Interplanetary Solar Energy Relay: Feasibility Analysis of a Mercury-Based Collection and Multi-Hop Distribution System

This paper presents a systems-level feasibility analysis of an interplanetary solar energy relay architecture in which solar radiation is collected at Mercury's orbital distance, converted to coherent laser radiation, and transmitted outward through a chain of autonomous relay stations to destinations throughout the solar system. Mercury receives a mean solar flux of 9,083 W/m², approximately 6.67 times the terrestrial solar constant, and possesses surface materials suitable for in-situ fabrication of photovoltaic arrays and structural components. We derive first-principles optical link budgets for diffraction-limited beam propagation at 1,064 nm wavelength, establish parametric trade spaces across transmitter aperture diameter (1 m to 10 km), relay spacing (0.1 to 2.0 AU), and receiver diameter, and compute capture fractions from the encircled energy of the Airy diffraction pattern. A hybrid relay architecture is proposed wherein inner-system hops employ high-reflectivity mirror relay with per-hop efficiencies of 85–90%, while longer hops employ full laser re-conversion at 21–58% per hop depending on technology maturity.
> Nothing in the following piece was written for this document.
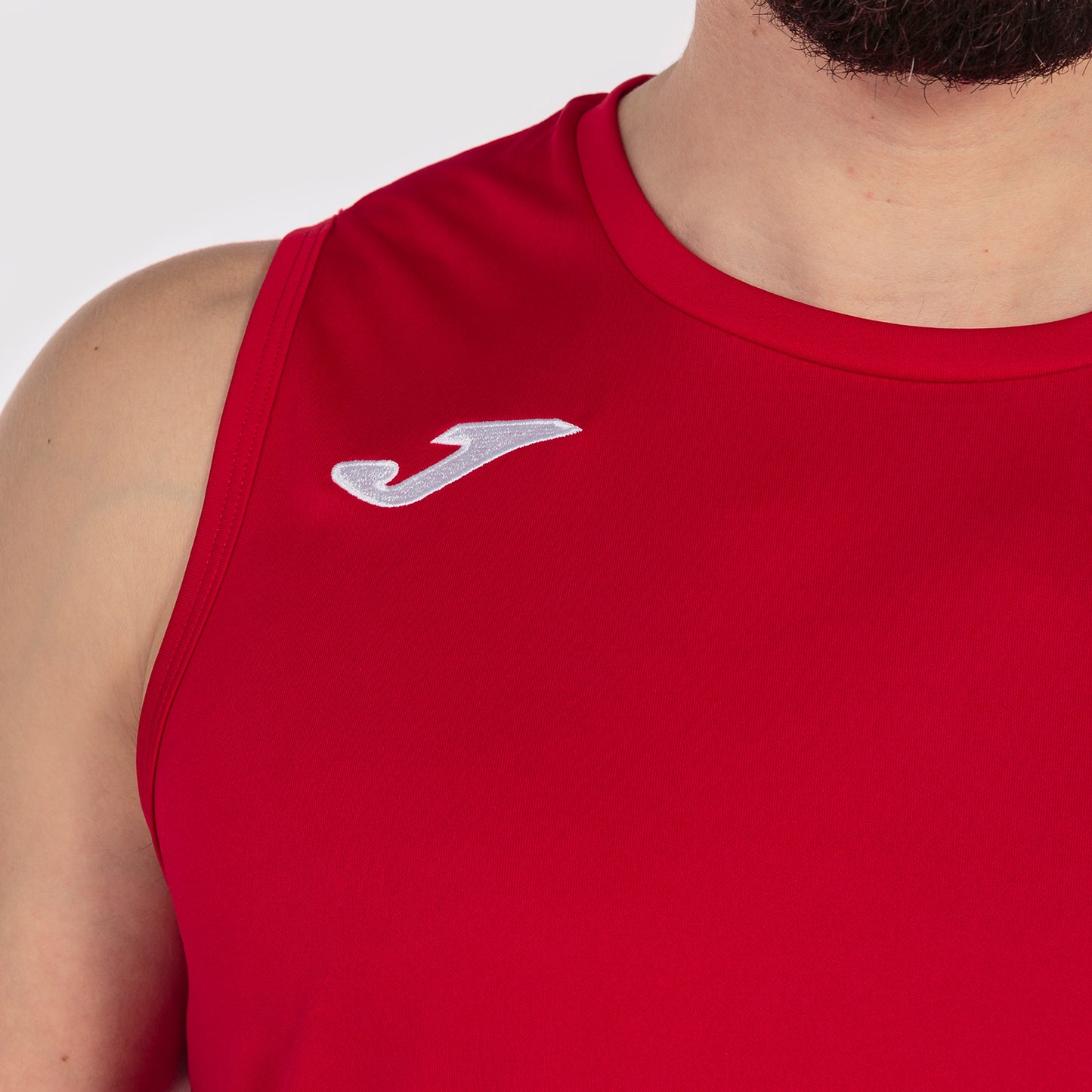 COMBI BASKET SHIRT SLEEVELESS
Cumulative end-to-end efficiencies from Mercury to Venus, Earth, Mars, the asteroid belt, Jupiter, and Saturn are quantified under conservative, baseline, and advanced technology assumptions. A self-expanding collection architecture based on a 50-tonne seed factory with 12–18 month doubling times is shown to reach terawatt-scale collection within 20–25 years of initial deployment. Quantitative comparison with space nuclear fission, projected fusion, and local direct solar demonstrates that the Mercury relay architecture delivers orders-of-magnitude greater power to inner-system destinations using extensions of existing technology at Technology Readiness Levels 2–7, without requiring fundamental physics breakthroughs. Key technology gaps, beam safety considerations, and implications for solar system development are discussed.